Menjaga Pangan di Tengah Ancaman: Suara Petani Indramayu yang Perlu Didengar
"Krisis di sawah bukan hanya soal air dan hama, tapi cermin bagaimana kita memperlakukan tanah, petani, dan masa depan pangan bersama."
Oleh Karnita
Pendahuluan
Pagi yang tenang di Indramayu, Kamis, 7 Agustus 2025, berubah menjadi muram. Hamparan sawah yang seharusnya hijau subur tampak kering dan gersang. Di sejumlah titik, jejak tikus terlihat jelas, menyisakan lubang-lubang kecil di antara batang padi yang layu.
Laporan Pikiran Rakyat berjudul "Petani Indramayu Menjerit, Ribuan Hektare Sawah Diserang Tikus dan Kekeringan" yang ditulis oleh Agung Nugroho dan disunting Eri Mulyani, memotret realitas lapangan dengan sangat kuat. Penulis mengapresiasi keberanian jurnalistik ini, karena menyuarakan kondisi petani yang kerap tersembunyi dari perhatian arus utama.

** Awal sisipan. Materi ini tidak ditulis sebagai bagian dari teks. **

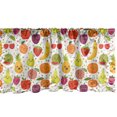thumbnail image 1 of Ambesonne Fruits Window Valance, Banana Smile Theme, 54" X 18", Multicolor, 1 of 5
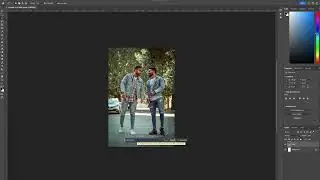 How to remove a person from a photograph in seconds in photoshop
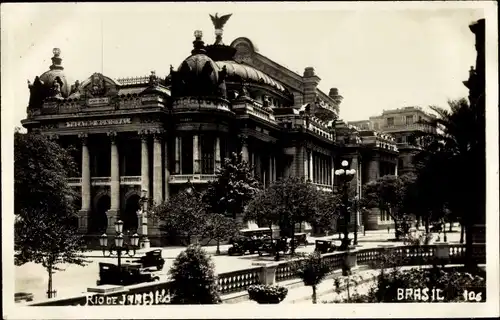 Ak Rio de Janeiro Brasilien, Theater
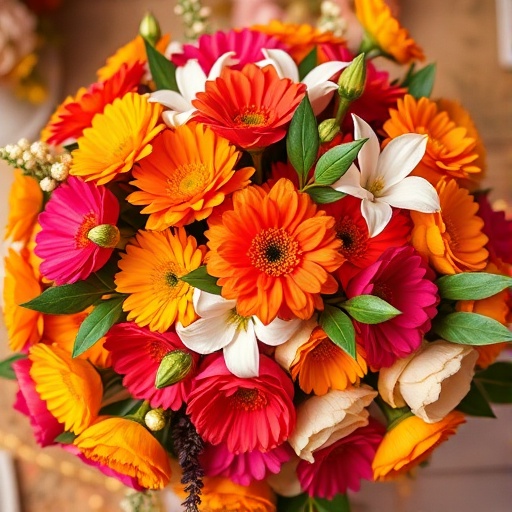 floral arrangement for Mehndi
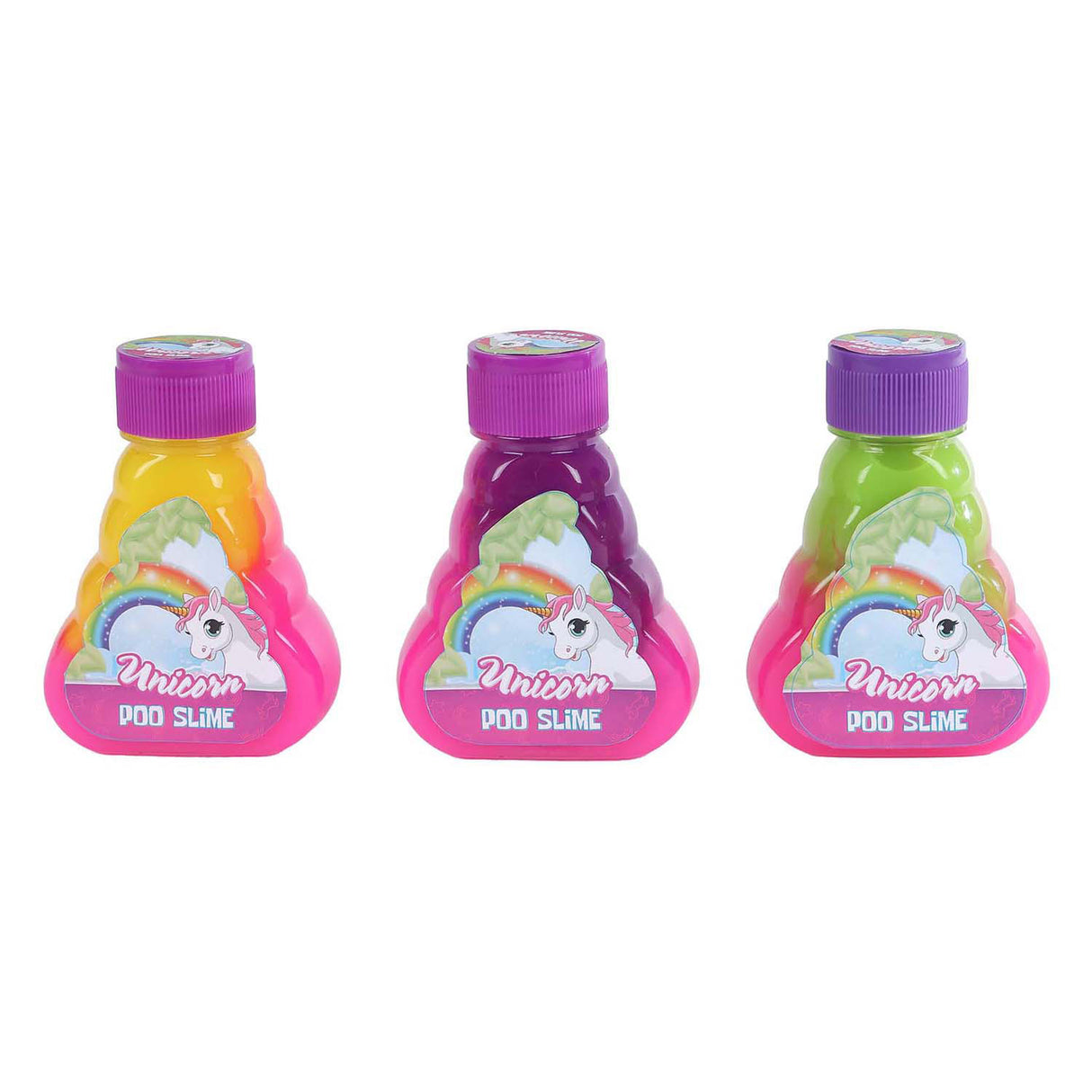 Einhorn-Regenbogen-Poo-Schleim, 10,5 cm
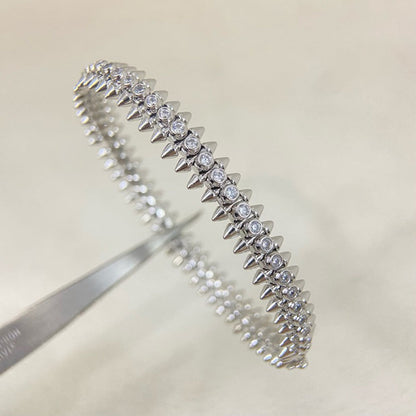 [Angela Jewelry]CLASH  BRACELET 8MM DIAMONDS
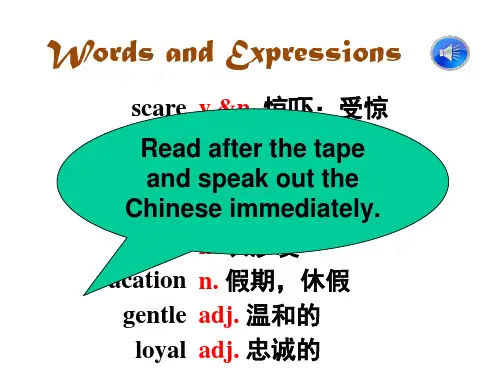 Lesson13 Danny's big scare 课件 河北省保定市莲池区冀英中学冀教版英语八年级下册(共11张PPT)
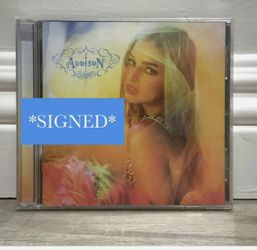 Signed Addison Rae Debut Album CD With SIGNED Autographed Art Card
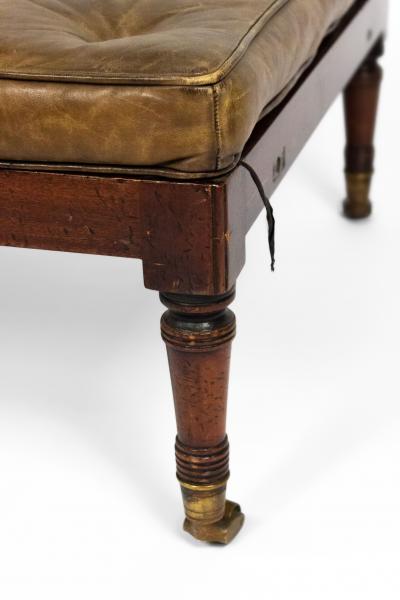 English Regency Canopy Library Arm Chair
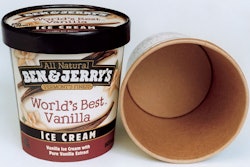 An example of Unilever's journey towards the sustainable packaging vision. The Ben and Jerry's pint container aims to be free of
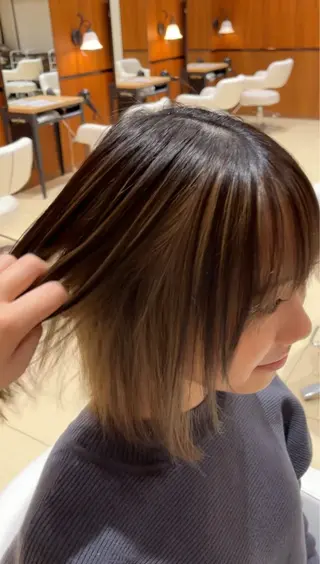 カラー Trace st半田所属・田中 梨鈴のヘアスタイル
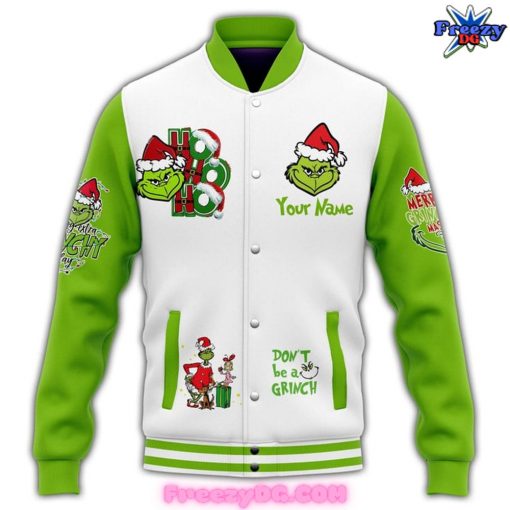 The Grinch Custom Limited Edition Baseball Jacket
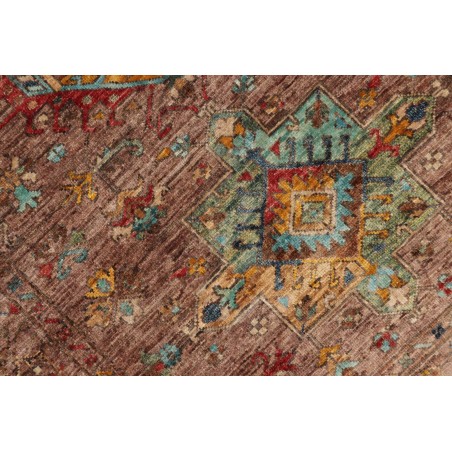 Tappeto Tribal Pakistan marrone bianco 102x150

Ketertarikan terhadap isu ini bukan hanya karena nilainya sebagai berita, tapi karena urgensinya sebagai peringatan terhadap sistem pangan nasional. Serangan hama dan kekeringan bukan sekadar fenomena musiman, tetapi gejala dari sistem yang perlu dibenahi bersama.
1. Hulu dan Hilir: Dua Titik Krisis dalam Satu Peta
Permasalahan yang dialami petani Indramayu menyangkut dua titik penting dalam rantai produksi pangan: hulu dan hilir. Di wilayah hulu, serangan hama tikus berlangsung hampir merata. Sementara itu, wilayah hilir menghadapi kekeringan akibat terbatasnya pasokan air irigasi.
Daerah seperti Tukdana, Kertasemaya, dan Bangodua menjadi lokasi terdampak serangan hama. Tikus-tikus tersebut merusak batang dan akar padi, menyebabkan hasil panen menurun drastis. Para petani melakukan berbagai upaya, namun dampaknya masih sangat terbatas.